> **Task directions**:
Repeat the data that follows exactly, starting at the line with "COSTWAY Chaise à" and ending at the line with "Pixel Ethnic pattern", and leave out every picture.

> **Data**:
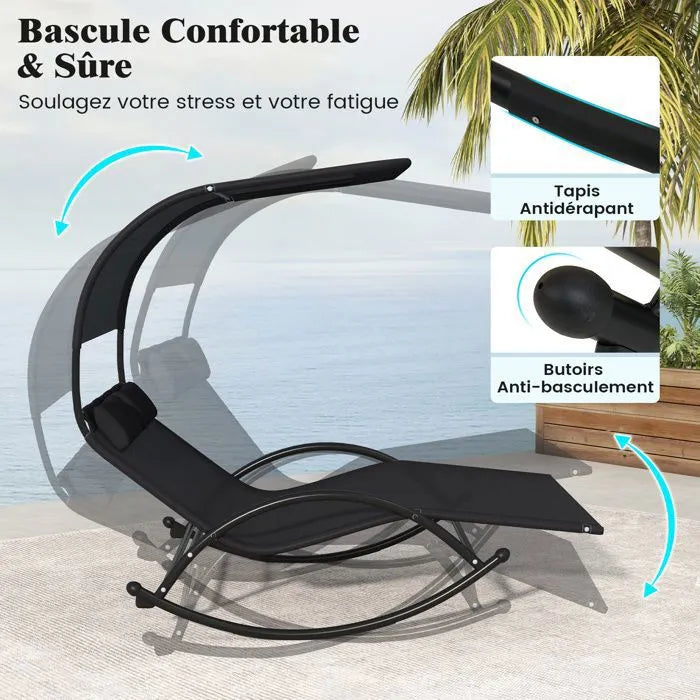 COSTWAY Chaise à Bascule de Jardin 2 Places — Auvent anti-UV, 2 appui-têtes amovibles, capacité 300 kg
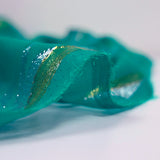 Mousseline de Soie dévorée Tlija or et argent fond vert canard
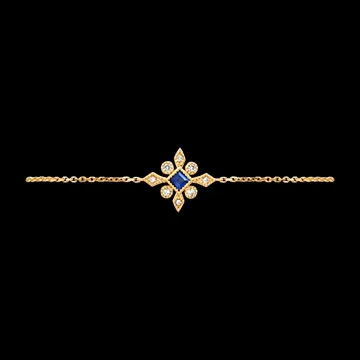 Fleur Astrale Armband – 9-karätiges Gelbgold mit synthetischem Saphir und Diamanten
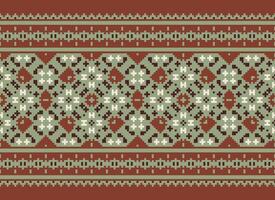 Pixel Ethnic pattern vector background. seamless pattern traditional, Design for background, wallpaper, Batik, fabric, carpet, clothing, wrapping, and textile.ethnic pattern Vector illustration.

...

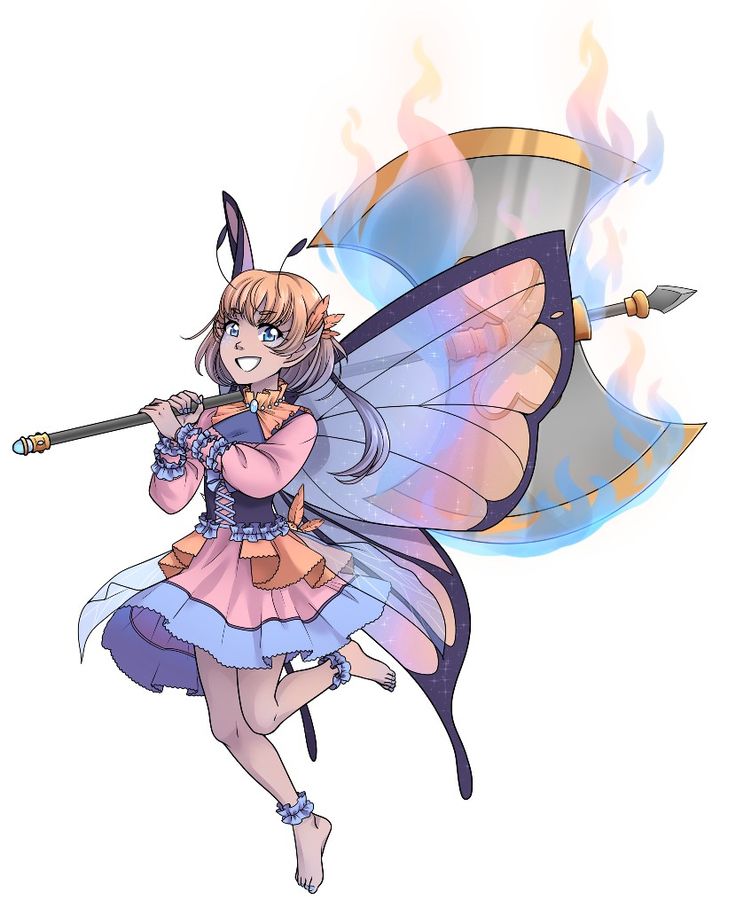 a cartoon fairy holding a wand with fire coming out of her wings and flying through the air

...

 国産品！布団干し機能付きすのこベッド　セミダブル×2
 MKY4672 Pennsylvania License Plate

> **Output of the task**:
 COSTWAY Chaise à Bascule de Jardin 2 Places — Auvent anti-UV, 2 appui-têtes amovibles, capacité 300 kg
 Mousseline de Soie dévorée Tlija or et argent fond vert canard
 Fleur Astrale Armband – 9-karätiges Gelbgold mit synthetischem Saphir und Diamanten
 Pixel Ethnic pattern vector background. seamless pattern traditional, Design for background, wallpaper, Batik, fabric, carpet, clothing, wrapping, and textile.ethnic pattern Vector illustration.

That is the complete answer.